Pitfalls To Avoid
Pitfalls to Avoid: Let us do another example that points out a real pitfall. Consider the formulas Ff = ∀x.∃y.(x − y) = 1 and Ft = ∀y.∃x.(x − y) = 1. Over
natural numbers, Ff is false (consider x = 0) while Ft is true. Following the method for DFA construction all the way through, however,
Figure 20.6 (which only represents the common matrix of these formulas) will reduce to the same machine with empty language as shown in Figure 20.5. In other words, our reasoning shows that Ff and Ft are false.
The restriction of equal bit-vector lengths: Let us think a bit more carefully about how the DFA construction method treats the matrix x−y = 1. This DFA is based on the following conventions:
- Bit-sequences are to be interpreted in unsigned binary. For example, 1 represents the value 1 in decimal while 11 represents 3 in decimal.
- We will accept x and y bit serially with the number of bits of x and y seen at any stage being equal. Suppose we have seen n 1s corresponding to y. What should be the n-long bit sequence corresponding to x such that x − y = 1? We immediately realize that there is no such x!
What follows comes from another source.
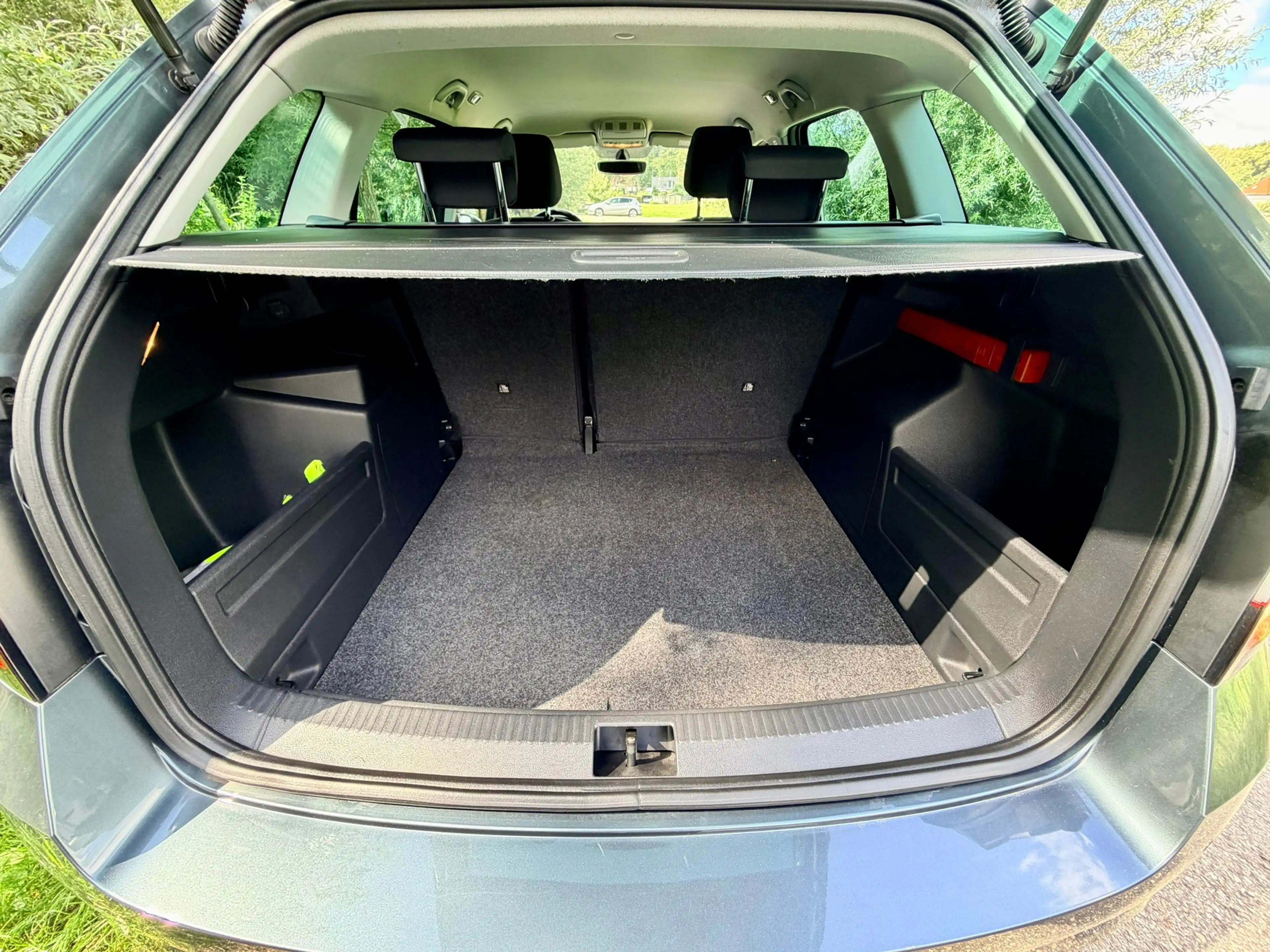 Skoda Fabia Combi 1.0 TSI Drive Clima Navi Cruise Control Trek — photo 24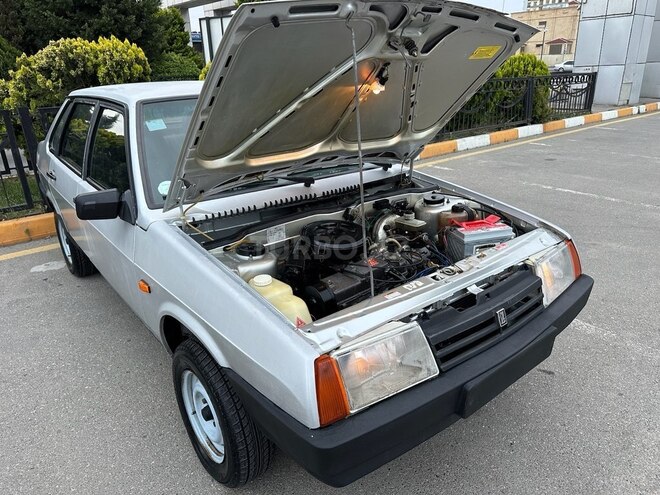 LADA (VAZ) 21099 2001, 158,000 km - 1.5 l - Bakı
Therefore, we have to read ∀y.∃x.(x − y) = 1 as
∀y.∃x.[(x − y) = 1 ∧ eqlen(x, y)],
where eqlen is a predicate that asserts that the bit-serial vectors modeling x and y have the same length. With this interpretation, both formulas emerge false. In other words, for any run of y’s of all 1s (equal in magnitude to 2n − 1 for various n), there is no run of x of the same length that exceeds this magnitude.